To place the magnitude of this light into perspective, a single xenon lamp is needed to project a movie onto a screen in a large commercial cinema. Consequently, the high-powered machine produces solar radiation that’s equivalent to 10,000 suns shining into the earth’s surface.
With a total 350 KW array, temperatures at the target point of the lamps can reach up to 3000 degrees, for those unlucky enough to be caught in this artificial suns direct rays or even enter the room when all lamps are switched on you would almost instantly burn to a crisp.
The German Aerospace Centre’s development will be used to further research on possible future production processes for solar fuels, including hydrogen. Researchers will use the high temperatures produces by the lamps to manufacture such fuels, mimicking the same process used in concentrated solar power plants which use a huge field full of mirrors to direct sunlight into one small, very hot area. The focused sunlight is then used to melt salt that creates steam, and in turn, produces electricity.
The consistent nature of this solar simulator proved beneficial to many research facilities in Germany and Europe at large as the continent experiences unreliable and irregular sunlight. An artificial sun such as Synlight is the preferred choice to perfect such methods of clean energy production.

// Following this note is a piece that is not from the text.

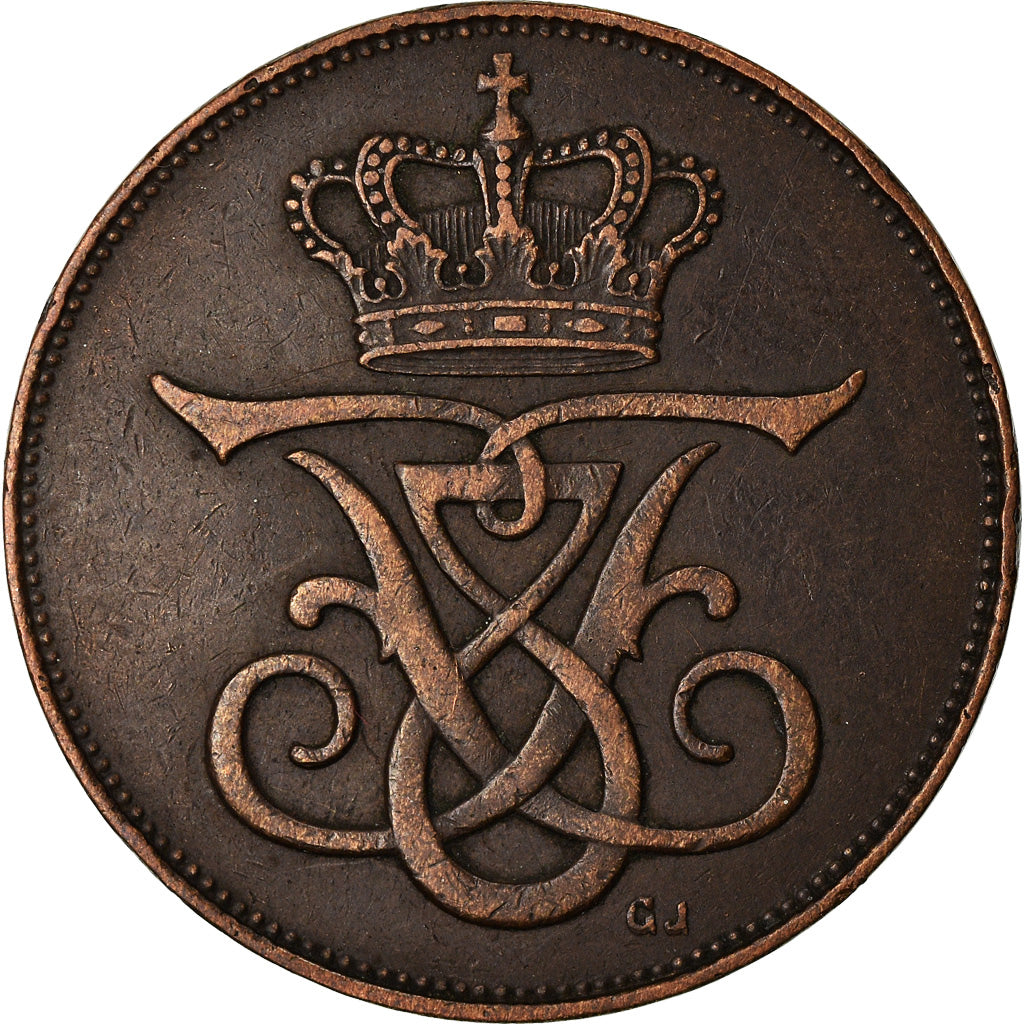 Moneta, Danimarca, Frederik VIII, 5 Öre, 1912, Copenhagen, BB, Bronzo, KM:806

Johannes Remmel, minister for climate protection in the north Rhine-Westphalia area of Germany, highlights the importance of researching clean energy choices, explaining that ‘we need to expand existing technology in practical ways in order to achieve renewable energy targets. However, the energy transition will falter without investments in innovative research, in state-of-the-art technologies and in global lighthouse projects like Synlight.’
The artificial sun will be used to perfect the method of artificially producing Hydrogen, this chemical is widely considered to be the fuel of the future, due to its ability to burn without producing any carbon dioxide.

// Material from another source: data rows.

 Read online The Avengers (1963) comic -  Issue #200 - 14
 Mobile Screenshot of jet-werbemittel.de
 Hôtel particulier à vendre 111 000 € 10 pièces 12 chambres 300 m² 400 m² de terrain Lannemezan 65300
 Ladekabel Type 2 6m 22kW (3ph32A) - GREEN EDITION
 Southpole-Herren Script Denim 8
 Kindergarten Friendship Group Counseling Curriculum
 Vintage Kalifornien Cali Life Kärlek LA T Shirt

Unfortunately for this fuel source, the production of Hydrogen is made by splitting water into its constituents of Hydrogen and Oxygen, and this requires large amounts of energy. Once a process is perfected to produce the valuable gas, using technologies such as Synlight means that the use of natural energy from the sun can complete this process with much less energy involved.
The technology is not quite there yet, however, the ‘artificial sun’ reportedly uses the same amount of electricity that the average household consumes in an entire year in just four hours of running time.
As opposed to currently being a green alternative for fuel research, it is the insight into future clean energy that simulators such as Synlight provide that is invaluable. As DLR executive board member Karsten Lemmer explains, ‘fuels, propellants and combustibles acquired using solar power offer immense potential for the production of chemical raw materials, and the reduction of carbon dioxide emissions.’
It is hoped this method will continue to develop into a more efficient power source with further research and development.